In his book, The Hero with a Thousand Faces, the great mythologist Joseph Campbell described what he termed the monomyth, the basic form that many stories from all over the world take:

A hero ventures forth from the world of common day into a region of supernatural wonder: fabulous forces are there encountered and a decisive victory is won: the hero comes back from this mysterious adventure with the power to bestow boons on his fellow man.

Not all mythic journeys involve actually “going” somewhere.  Sometimes it’s a journey deep into the mind of Hannibal Lector, or discovering that there is beauty in and among all of the disadvantages of growing old.  But often it is a real, physical journey.  From The Odyssey to Lord of the Rings and Lassie Come-Home, we travel with our heroes as they leave the ordinary behind (far behind, in the case of Frodo) and enter the realm of supernatural wonder.

I like to write traveling novels — obviously, since I’ve written two of them.  Return from Avalon (and Points West) (the one that’s coming out in June) is a real, just get-in-the-car-and-start-driving sort of journey.  The type that almost all of us relate to the most.  We gave up dreaming of slaying dragons and ogres when we left childhood (actually, that’s probably a good working definition of the end of childhood: when we no longer dream of slaying dragons), but we’ve all had the dream, in one fashion or another, of just leaving it all behind and start driving.  Unfortunately, the America of the mid 19th century where our forefathers could actually live that dream, sell everything and buy a covered wagon and head out, is long gone.  Sigh.

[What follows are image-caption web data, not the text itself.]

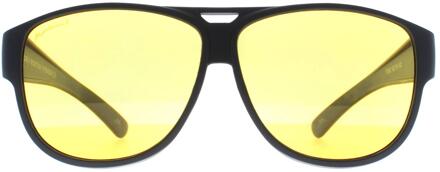 Montana Aviator Unisex Mat Zwart Geel Gepolariseerd FO6 Fit Over Bril Nacht Rijden Zonnebril - One Size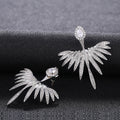 Crystal Wing Fan Jacket Stud Earrings With Clear Stone Accents view 2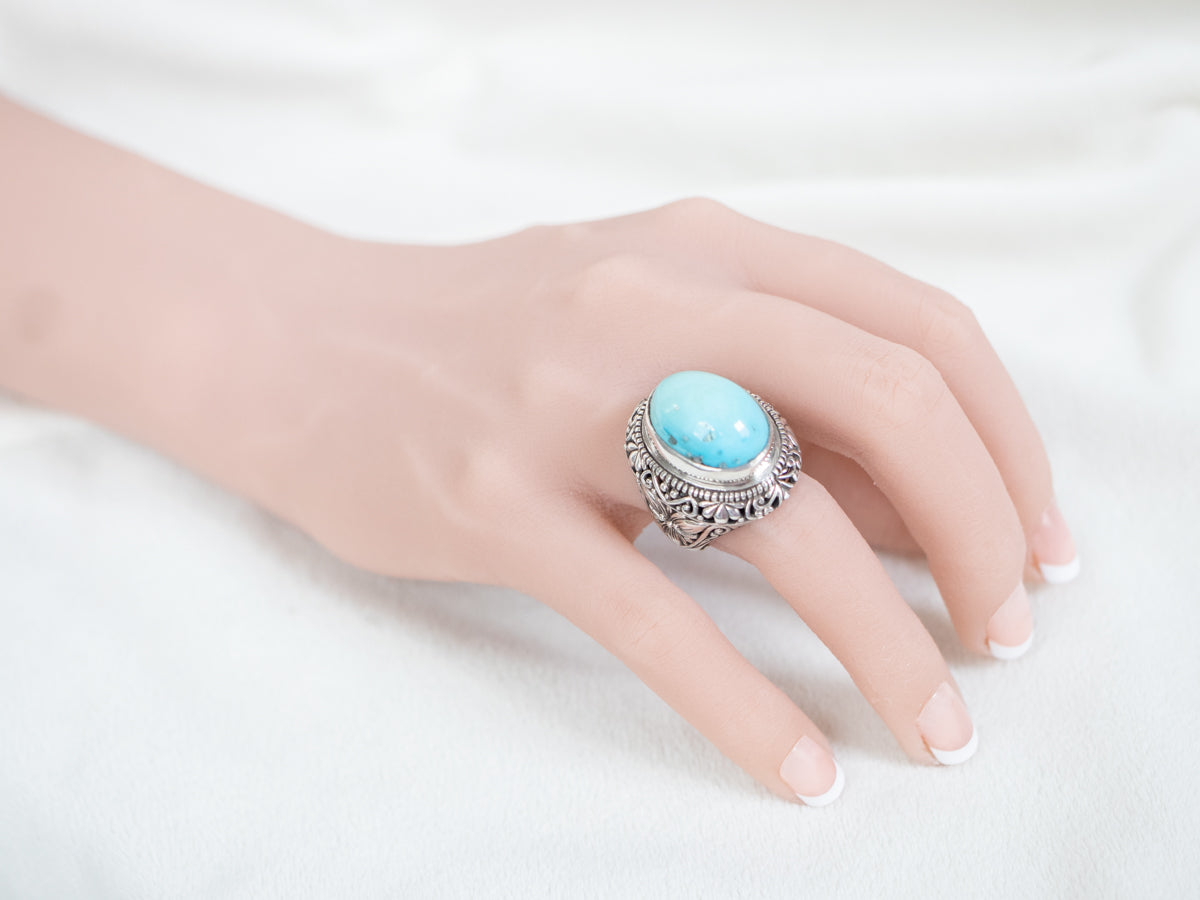 Sterling Silver Floral Turquoise Statement Ring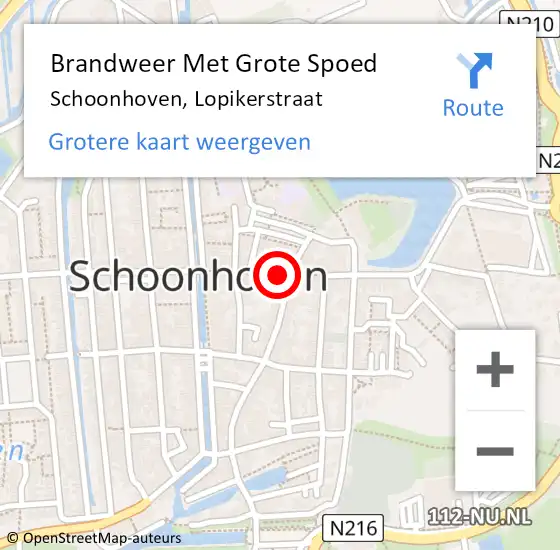 Locatie op kaart van de 112 melding: Brandweer Met Grote Spoed Naar Schoonhoven, Lopikerstraat op 8 augustus 2024 03:11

Strange Bedfellows, in the last edit before submitting for publication, is even closer to your fantasy.  The hero — the first hero, I should say, since there are actually 4 — is a middle-aged accountant who hits a $47 million lottery, buys his way out of his miserable existence, gets into his 7-year-old Camry, and heads out looking for adventure (which he finds in the form of a 30-year-old stripper, her 11-year-old son, and the mysterious “Aunt Morgan” who lives in the stripper’s head).

My personal problem with writing a traveling novel is that I tend to get too mired in the details of the journey.  I sometimes find it hard to balance “real adventure” – an event that pushes the characters toward their own decisive victory over the fabulous forces – and travelogue.

Generally my first draft readers and writers’ groups keep me on track, and I end up with a lot of words in that ethereal trash can in the cloud where electronic words go to die.  Fortunately, words are ultimately cheap, although they don’t feel that way when you’ve spent so much time and love putting them down in the first place.